## TASK DIRECTIONS
Write out, word for word, every line in the data below from the one containing "IXIA Muebles De" to the one containing "여성 봄 여름 가을 청 원피스 SW135751NH", both of them included.

## EXERCISE MATERIALS
- - - - -

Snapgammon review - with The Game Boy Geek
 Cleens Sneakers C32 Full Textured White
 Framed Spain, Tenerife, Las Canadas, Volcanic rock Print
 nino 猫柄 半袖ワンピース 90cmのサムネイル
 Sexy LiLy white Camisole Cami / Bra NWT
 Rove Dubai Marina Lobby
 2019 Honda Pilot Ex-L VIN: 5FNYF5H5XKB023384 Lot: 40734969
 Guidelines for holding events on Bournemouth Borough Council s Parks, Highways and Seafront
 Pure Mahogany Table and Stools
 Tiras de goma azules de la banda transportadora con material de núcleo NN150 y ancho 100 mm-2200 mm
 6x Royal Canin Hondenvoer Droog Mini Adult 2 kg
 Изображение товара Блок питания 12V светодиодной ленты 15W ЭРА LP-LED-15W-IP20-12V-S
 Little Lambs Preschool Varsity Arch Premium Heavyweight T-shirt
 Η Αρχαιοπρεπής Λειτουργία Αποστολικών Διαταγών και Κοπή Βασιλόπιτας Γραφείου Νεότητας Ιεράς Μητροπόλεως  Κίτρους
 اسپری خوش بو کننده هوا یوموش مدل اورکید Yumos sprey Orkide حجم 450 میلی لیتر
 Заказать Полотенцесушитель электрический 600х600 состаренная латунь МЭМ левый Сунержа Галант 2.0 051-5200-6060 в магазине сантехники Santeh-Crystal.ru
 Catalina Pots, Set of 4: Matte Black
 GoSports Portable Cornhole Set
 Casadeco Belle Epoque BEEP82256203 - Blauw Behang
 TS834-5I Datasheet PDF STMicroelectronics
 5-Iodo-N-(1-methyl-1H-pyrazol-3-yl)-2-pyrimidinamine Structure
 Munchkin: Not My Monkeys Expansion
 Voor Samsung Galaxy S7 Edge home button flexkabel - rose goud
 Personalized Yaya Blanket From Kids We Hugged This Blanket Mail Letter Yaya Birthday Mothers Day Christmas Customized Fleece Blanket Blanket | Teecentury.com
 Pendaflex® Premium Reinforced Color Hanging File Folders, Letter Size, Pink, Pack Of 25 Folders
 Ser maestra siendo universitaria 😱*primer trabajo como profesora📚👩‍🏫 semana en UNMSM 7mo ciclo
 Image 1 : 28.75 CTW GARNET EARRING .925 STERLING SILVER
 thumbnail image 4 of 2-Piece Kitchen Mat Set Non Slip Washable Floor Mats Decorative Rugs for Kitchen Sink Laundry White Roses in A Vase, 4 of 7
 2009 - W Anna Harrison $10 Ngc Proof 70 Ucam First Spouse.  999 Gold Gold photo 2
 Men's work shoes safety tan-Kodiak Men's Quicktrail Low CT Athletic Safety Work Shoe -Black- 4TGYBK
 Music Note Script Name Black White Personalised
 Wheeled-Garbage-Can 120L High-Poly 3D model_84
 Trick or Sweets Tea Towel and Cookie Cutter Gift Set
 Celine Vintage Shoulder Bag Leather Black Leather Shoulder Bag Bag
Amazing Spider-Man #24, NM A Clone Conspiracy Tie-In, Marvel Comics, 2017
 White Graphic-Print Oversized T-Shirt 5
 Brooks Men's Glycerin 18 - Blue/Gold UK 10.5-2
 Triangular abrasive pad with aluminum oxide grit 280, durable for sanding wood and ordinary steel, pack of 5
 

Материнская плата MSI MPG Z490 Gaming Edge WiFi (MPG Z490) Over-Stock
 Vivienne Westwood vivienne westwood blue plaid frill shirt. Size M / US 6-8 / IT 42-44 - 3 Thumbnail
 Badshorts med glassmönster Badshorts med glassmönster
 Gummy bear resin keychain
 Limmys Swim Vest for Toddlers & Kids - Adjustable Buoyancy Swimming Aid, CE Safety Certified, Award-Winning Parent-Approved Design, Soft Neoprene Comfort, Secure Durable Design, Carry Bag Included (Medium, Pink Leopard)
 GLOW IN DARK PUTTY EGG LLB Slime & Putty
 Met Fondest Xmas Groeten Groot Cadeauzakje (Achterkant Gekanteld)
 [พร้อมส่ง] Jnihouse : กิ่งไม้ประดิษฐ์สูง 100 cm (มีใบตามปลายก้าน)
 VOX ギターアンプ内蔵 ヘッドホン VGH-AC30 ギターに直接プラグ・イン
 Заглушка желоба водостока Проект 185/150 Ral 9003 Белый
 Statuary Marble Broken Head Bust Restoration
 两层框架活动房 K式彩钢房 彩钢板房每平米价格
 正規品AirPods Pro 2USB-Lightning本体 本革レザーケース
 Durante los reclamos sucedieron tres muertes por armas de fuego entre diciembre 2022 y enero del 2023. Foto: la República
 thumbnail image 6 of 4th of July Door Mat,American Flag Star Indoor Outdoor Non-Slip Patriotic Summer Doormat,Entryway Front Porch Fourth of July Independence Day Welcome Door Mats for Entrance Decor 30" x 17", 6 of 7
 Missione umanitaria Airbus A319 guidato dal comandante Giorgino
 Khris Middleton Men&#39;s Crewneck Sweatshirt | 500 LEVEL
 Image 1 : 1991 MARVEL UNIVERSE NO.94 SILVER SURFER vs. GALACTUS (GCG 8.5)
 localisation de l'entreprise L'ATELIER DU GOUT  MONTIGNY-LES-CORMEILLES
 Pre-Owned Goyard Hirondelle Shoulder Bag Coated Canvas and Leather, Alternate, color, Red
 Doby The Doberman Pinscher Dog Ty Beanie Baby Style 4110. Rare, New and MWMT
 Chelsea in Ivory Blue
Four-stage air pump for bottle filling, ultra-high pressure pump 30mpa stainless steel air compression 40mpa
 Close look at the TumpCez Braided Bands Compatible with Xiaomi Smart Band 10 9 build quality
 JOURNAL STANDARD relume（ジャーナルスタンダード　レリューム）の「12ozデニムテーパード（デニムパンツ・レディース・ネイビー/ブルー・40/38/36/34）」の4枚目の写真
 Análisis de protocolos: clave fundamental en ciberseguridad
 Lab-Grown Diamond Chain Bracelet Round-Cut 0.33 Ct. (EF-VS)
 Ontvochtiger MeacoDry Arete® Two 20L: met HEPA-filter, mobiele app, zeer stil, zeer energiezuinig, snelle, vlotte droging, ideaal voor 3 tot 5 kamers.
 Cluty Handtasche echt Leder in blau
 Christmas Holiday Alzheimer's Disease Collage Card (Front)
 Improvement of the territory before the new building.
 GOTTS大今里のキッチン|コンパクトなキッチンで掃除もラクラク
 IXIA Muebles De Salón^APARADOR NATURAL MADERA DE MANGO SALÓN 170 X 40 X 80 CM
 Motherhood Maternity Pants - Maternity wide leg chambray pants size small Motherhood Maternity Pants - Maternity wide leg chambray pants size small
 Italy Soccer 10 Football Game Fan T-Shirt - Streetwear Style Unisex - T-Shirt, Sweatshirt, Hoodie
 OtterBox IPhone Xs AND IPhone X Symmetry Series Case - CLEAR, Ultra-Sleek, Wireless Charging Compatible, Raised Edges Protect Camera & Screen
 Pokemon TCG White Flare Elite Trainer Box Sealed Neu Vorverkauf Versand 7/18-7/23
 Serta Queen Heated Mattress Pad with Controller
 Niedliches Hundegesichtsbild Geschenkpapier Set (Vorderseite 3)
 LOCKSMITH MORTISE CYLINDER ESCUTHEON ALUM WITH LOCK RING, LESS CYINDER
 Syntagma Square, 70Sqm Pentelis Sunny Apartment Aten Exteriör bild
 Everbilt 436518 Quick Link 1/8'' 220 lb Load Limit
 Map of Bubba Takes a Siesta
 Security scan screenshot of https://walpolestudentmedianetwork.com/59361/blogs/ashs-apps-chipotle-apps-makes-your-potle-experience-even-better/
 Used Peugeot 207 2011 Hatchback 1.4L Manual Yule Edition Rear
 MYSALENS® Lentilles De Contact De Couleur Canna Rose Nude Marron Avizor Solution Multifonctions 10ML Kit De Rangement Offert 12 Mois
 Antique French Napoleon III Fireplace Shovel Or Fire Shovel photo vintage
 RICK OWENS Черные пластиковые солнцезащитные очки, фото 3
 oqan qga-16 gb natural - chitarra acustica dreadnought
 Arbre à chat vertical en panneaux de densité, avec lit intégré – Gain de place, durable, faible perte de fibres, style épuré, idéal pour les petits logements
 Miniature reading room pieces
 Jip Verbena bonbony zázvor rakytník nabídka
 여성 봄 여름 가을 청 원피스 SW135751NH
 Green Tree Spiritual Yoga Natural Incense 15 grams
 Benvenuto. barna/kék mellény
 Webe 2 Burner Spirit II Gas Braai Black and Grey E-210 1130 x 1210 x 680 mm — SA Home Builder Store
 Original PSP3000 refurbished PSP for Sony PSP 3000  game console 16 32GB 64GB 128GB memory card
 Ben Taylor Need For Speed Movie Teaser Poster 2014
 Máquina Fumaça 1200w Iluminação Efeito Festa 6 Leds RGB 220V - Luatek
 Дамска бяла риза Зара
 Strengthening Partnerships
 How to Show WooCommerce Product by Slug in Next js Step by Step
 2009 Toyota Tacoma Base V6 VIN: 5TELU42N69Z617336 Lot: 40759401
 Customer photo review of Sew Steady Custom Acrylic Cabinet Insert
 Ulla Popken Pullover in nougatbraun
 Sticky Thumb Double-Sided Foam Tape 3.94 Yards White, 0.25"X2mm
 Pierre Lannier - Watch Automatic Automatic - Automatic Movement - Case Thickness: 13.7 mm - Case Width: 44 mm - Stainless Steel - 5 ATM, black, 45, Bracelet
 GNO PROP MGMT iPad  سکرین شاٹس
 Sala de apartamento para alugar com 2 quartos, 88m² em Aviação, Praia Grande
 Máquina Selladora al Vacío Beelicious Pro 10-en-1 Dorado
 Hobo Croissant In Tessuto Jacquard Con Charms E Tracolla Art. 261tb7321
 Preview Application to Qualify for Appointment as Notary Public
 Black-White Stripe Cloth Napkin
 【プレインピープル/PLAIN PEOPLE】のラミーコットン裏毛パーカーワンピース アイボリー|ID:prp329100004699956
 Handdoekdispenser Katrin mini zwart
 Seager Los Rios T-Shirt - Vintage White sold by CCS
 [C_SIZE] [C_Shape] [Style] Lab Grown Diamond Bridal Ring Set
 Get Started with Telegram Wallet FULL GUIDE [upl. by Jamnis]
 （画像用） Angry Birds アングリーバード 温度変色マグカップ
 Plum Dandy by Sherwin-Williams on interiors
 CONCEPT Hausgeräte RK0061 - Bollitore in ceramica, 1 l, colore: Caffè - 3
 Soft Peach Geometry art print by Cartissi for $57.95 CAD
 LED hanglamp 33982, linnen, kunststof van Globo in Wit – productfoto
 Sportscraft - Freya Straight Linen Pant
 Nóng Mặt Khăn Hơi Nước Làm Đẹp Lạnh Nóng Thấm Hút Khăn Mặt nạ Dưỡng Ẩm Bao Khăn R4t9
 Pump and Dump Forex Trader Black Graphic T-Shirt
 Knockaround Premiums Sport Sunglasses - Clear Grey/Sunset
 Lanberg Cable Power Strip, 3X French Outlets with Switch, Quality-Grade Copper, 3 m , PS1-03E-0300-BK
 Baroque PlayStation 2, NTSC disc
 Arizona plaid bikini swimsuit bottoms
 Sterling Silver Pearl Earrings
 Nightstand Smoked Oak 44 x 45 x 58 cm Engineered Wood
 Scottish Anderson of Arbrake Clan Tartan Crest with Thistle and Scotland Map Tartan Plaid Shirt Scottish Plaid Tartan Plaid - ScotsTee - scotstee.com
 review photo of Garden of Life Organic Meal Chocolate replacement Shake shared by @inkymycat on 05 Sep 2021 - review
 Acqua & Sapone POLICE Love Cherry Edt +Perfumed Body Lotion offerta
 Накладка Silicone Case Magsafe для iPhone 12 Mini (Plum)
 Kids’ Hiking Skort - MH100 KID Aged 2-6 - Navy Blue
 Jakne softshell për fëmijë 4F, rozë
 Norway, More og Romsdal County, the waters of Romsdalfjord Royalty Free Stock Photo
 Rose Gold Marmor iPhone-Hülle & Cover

- - - - -

## EXPECTED OUTPUT
 IXIA Muebles De Salón^APARADOR NATURAL MADERA DE MANGO SALÓN 170 X 40 X 80 CM
 Motherhood Maternity Pants - Maternity wide leg chambray pants size small Motherhood Maternity Pants - Maternity wide leg chambray pants size small
 Italy Soccer 10 Football Game Fan T-Shirt - Streetwear Style Unisex - T-Shirt, Sweatshirt, Hoodie
 OtterBox IPhone Xs AND IPhone X Symmetry Series Case - CLEAR, Ultra-Sleek, Wireless Charging Compatible, Raised Edges Protect Camera & Screen
 Pokemon TCG White Flare Elite Trainer Box Sealed Neu Vorverkauf Versand 7/18-7/23
 Serta Queen Heated Mattress Pad with Controller
 Niedliches Hundegesichtsbild Geschenkpapier Set (Vorderseite 3)
 LOCKSMITH MORTISE CYLINDER ESCUTHEON ALUM WITH LOCK RING, LESS CYINDER
 Syntagma Square, 70Sqm Pentelis Sunny Apartment Aten Exteriör bild
 Everbilt 436518 Quick Link 1/8'' 220 lb Load Limit
 Map of Bubba Takes a Siesta
 Security scan screenshot of https://walpolestudentmedianetwork.com/59361/blogs/ashs-apps-chipotle-apps-makes-your-potle-experience-even-better/
 Used Peugeot 207 2011 Hatchback 1.4L Manual Yule Edition Rear
 MYSALENS® Lentilles De Contact De Couleur Canna Rose Nude Marron Avizor Solution Multifonctions 10ML Kit De Rangement Offert 12 Mois
 Antique French Napoleon III Fireplace Shovel Or Fire Shovel photo vintage
 RICK OWENS Черные пластиковые солнцезащитные очки, фото 3
 oqan qga-16 gb natural - chitarra acustica dreadnought
 Arbre à chat vertical en panneaux de densité, avec lit intégré – Gain de place, durable, faible perte de fibres, style épuré, idéal pour les petits logements
 Miniature reading room pieces
 Jip Verbena bonbony zázvor rakytník nabídka
 여성 봄 여름 가을 청 원피스 SW135751NH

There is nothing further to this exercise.